PROBLEM =>
Exact reproduction is required for the lines below starting at the line with "Типы гипсокартонных листов" and ending at the line with "Kaspersky Total Security for Business", both included. No other lines, and no pictures.

SOURCE MATERIAL =>
---

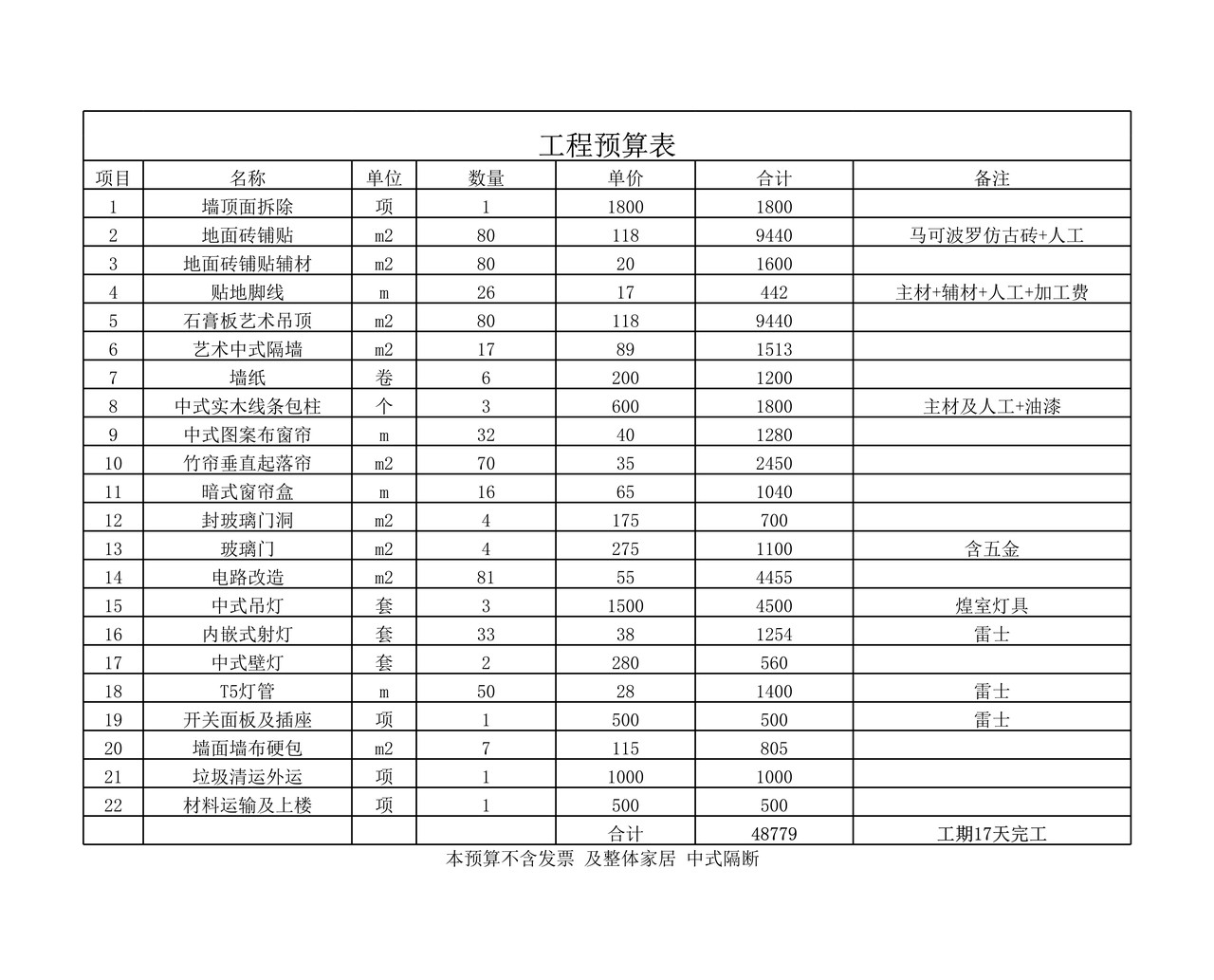 工程预算表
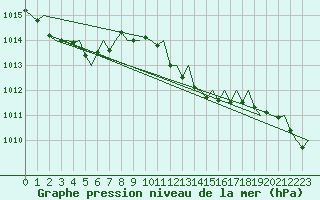 Courbe de la pression atmosphrique pour Gerona (Esp)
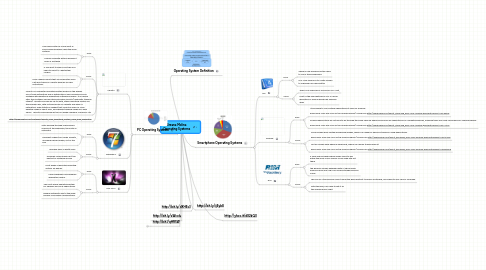 Mind Map: Breana Molina Operating Systems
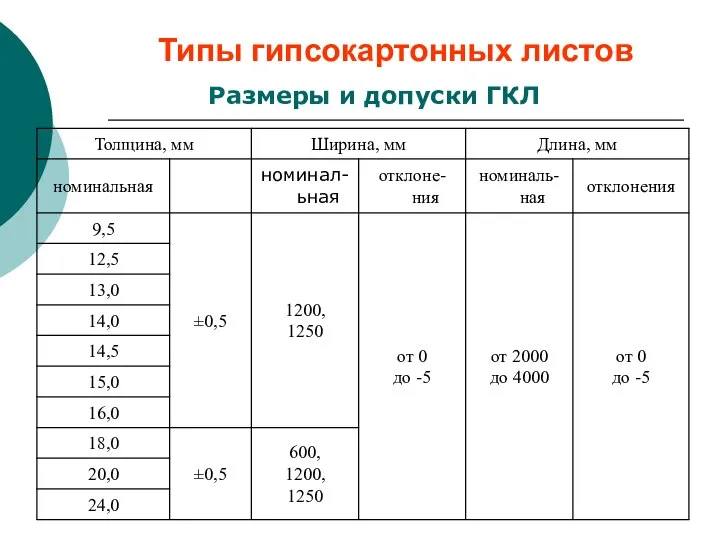 Типы гипсокартонных листов Размеры и допуски ГКЛ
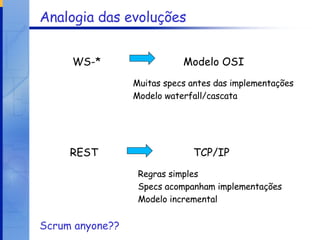 Analogia das evoluções WS-* REST Modelo OSI TCP/IP Muitas specs antes das implementações Modelo waterfall/cascata Regras simples Specs acompanham implementações Modelo incremental Scrum anyone?? 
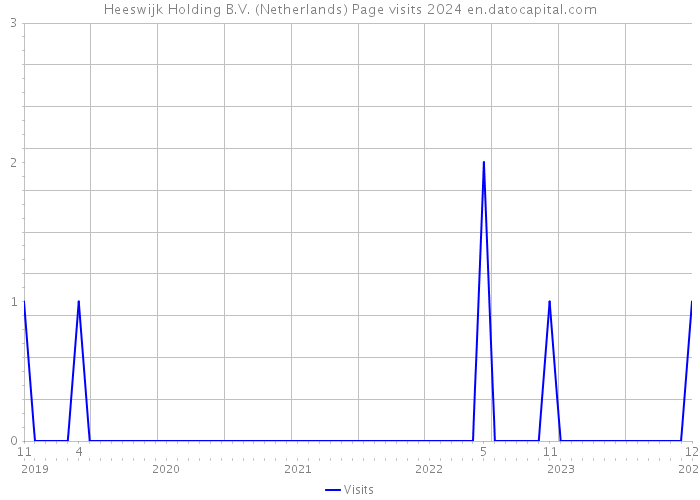 Heeswijk Holding B.V. (Netherlands) Page visits 2024 
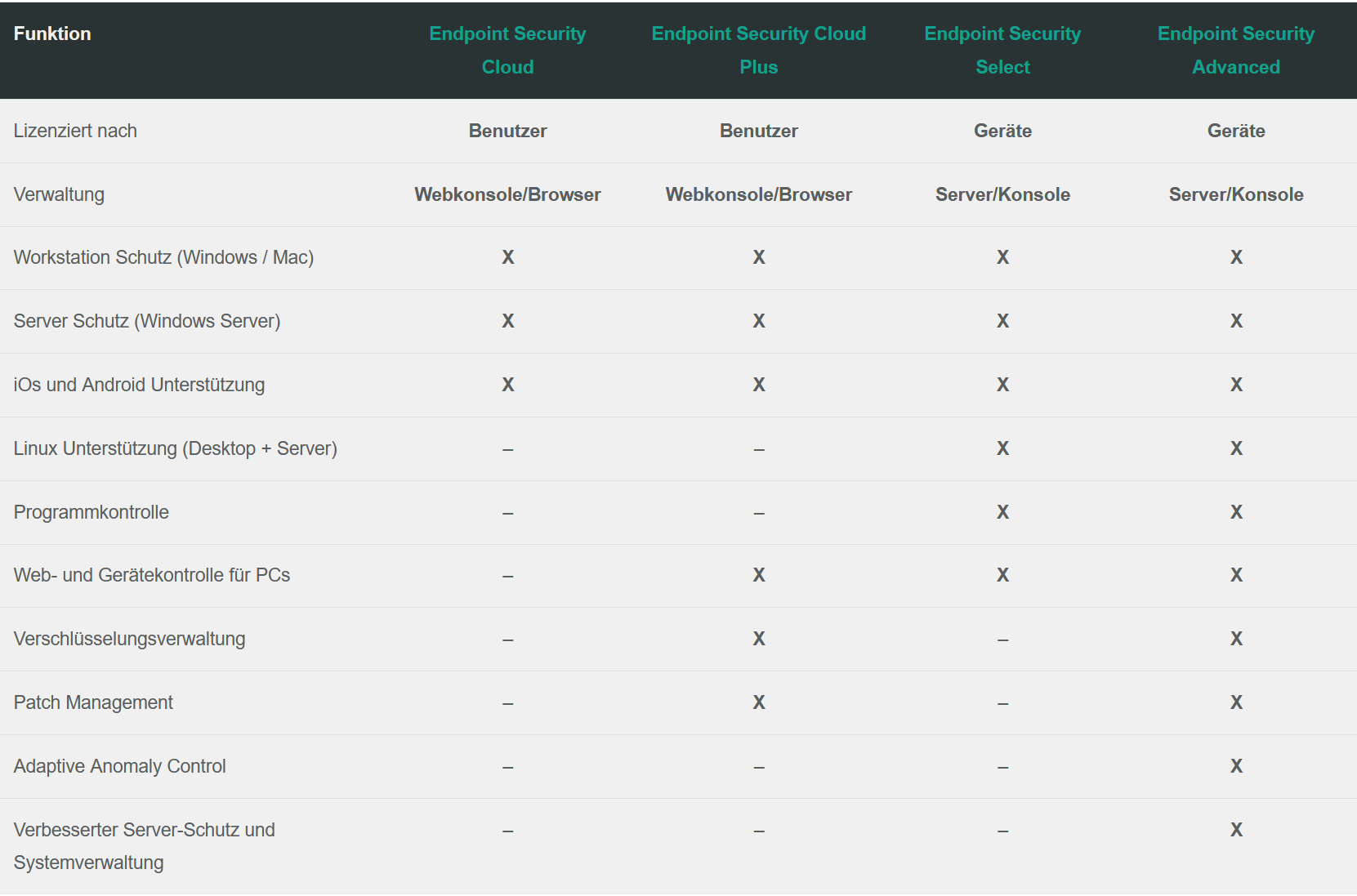 Kaspersky Total Security for Business
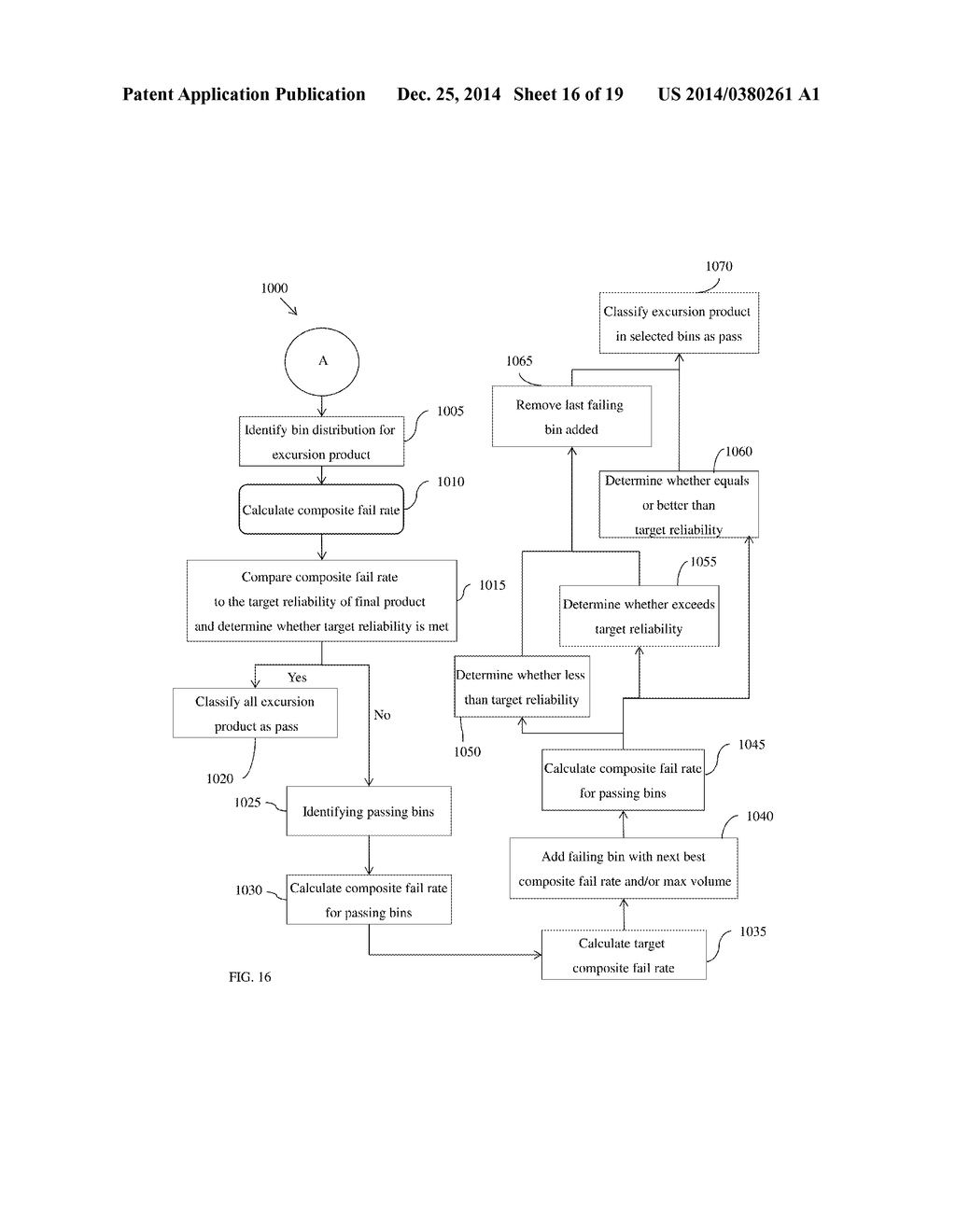 SEMICONDUCTOR DEVICE RELIABILITY MODEL AND METHODOLOGIES FOR USE THEREOF - diagram, schematic, and image 17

---

SOLUTION TO THIS TASK =>
 Типы гипсокартонных листов Размеры и допуски ГКЛ
 Analogia das evoluções WS-* REST Modelo OSI TCP/IP Muitas specs antes das implementações Modelo waterfall/cascata Regras simples Specs acompanham implementações Modelo incremental Scrum anyone?? 
 Heeswijk Holding B.V. (Netherlands) Page visits 2024 
 Kaspersky Total Security for Business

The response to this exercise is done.